** Opening Records provided block **

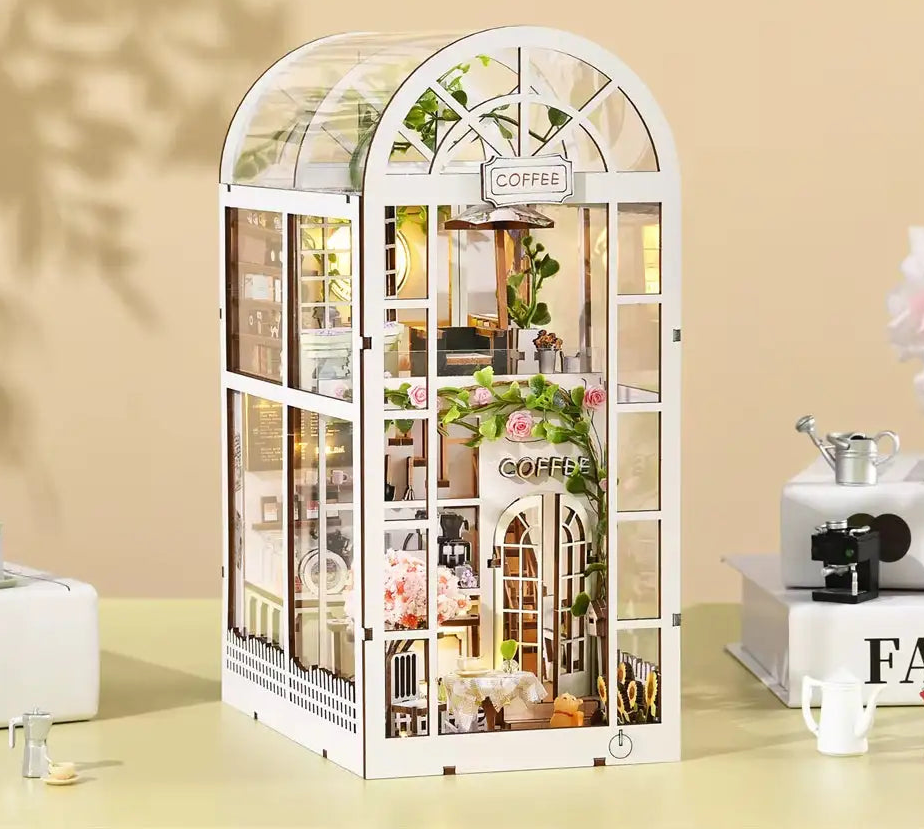 Book Nook Coffee Garden vue de face — kit DIY miniature café jardin avec LED
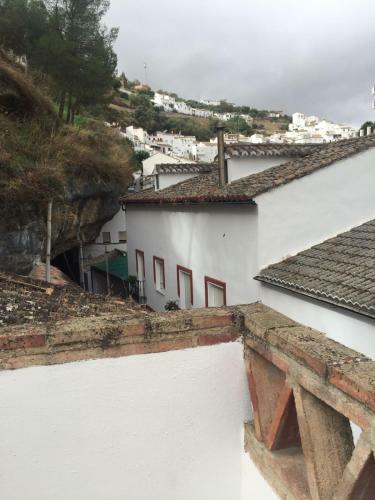 Casa Cueva De La Sombra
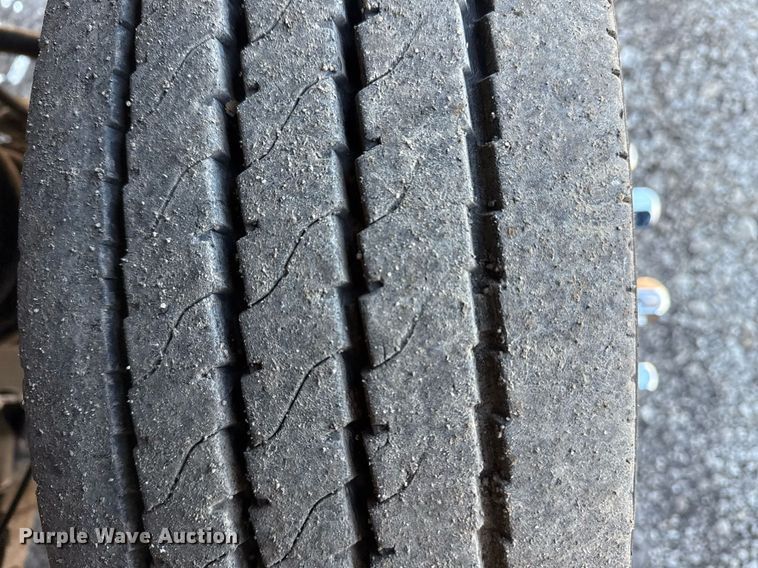 image for item EG2551 2008 Dodge Ram 5500HD bucket truck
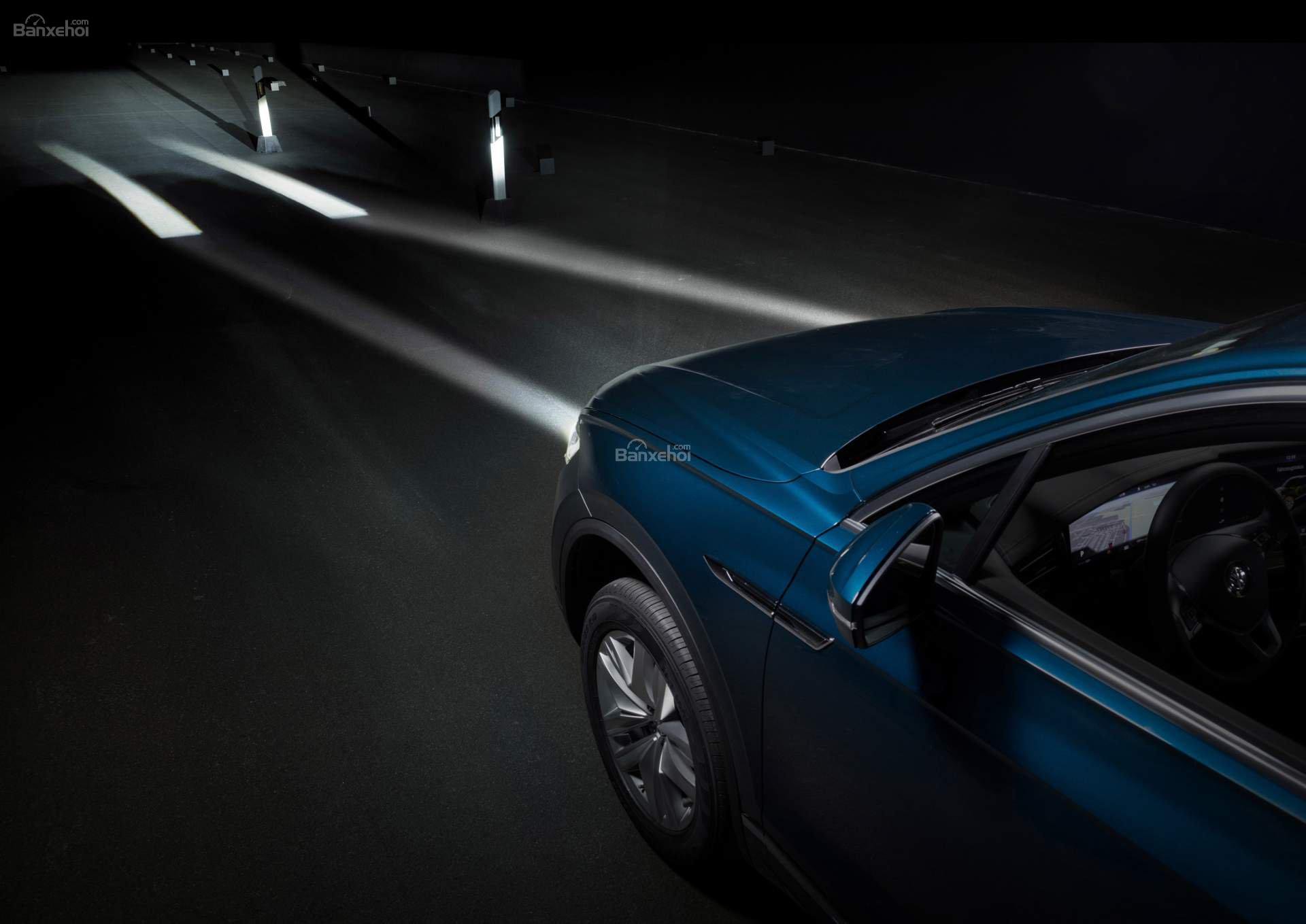 Công nghệ đèn pha, đèn hậu tương tác mới của Volkswagen.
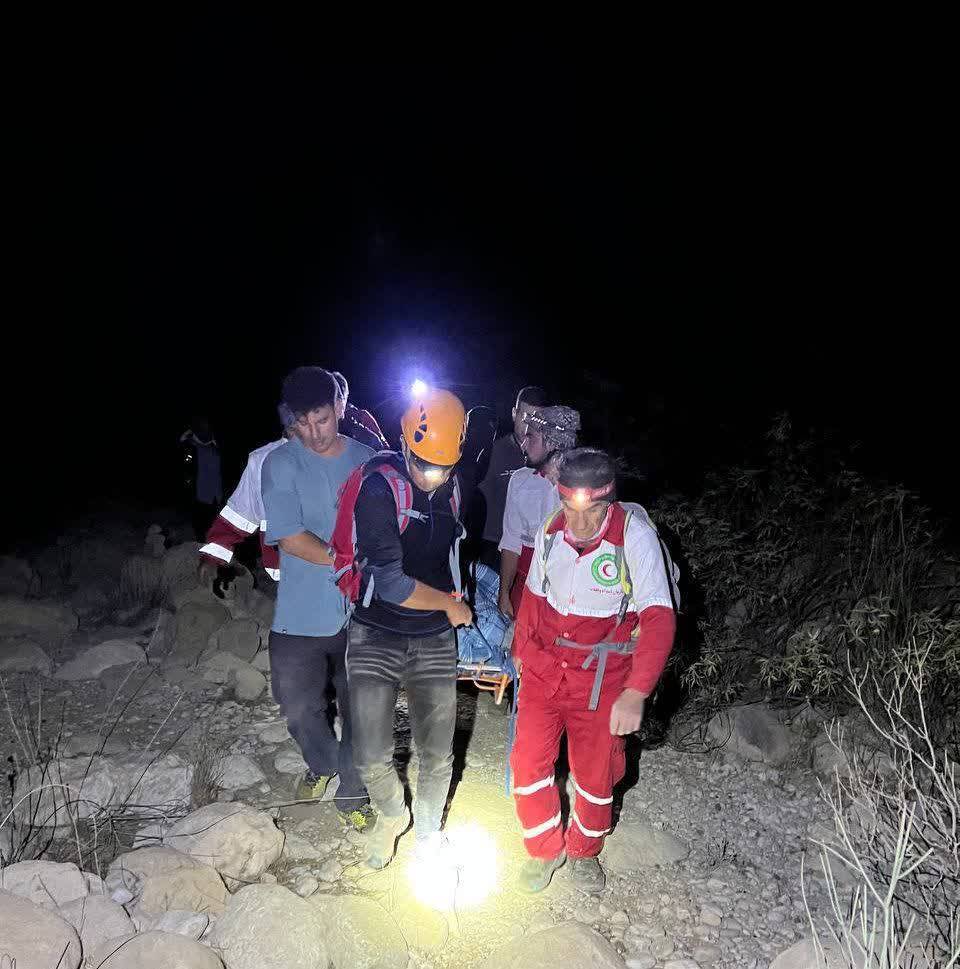 نجات مرد گرفتار در ارتفاعات شهرستان فیروزآباد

** Closing Records provided block **

About this task: Copy out exactly the lines that begin at the line with "Công nghệ đèn" and end at the final line of the entries above. Leave out the pictures.

Task response:
 Công nghệ đèn pha, đèn hậu tương tác mới của Volkswagen.
 نجات مرد گرفتار در ارتفاعات شهرستان فیروزآباد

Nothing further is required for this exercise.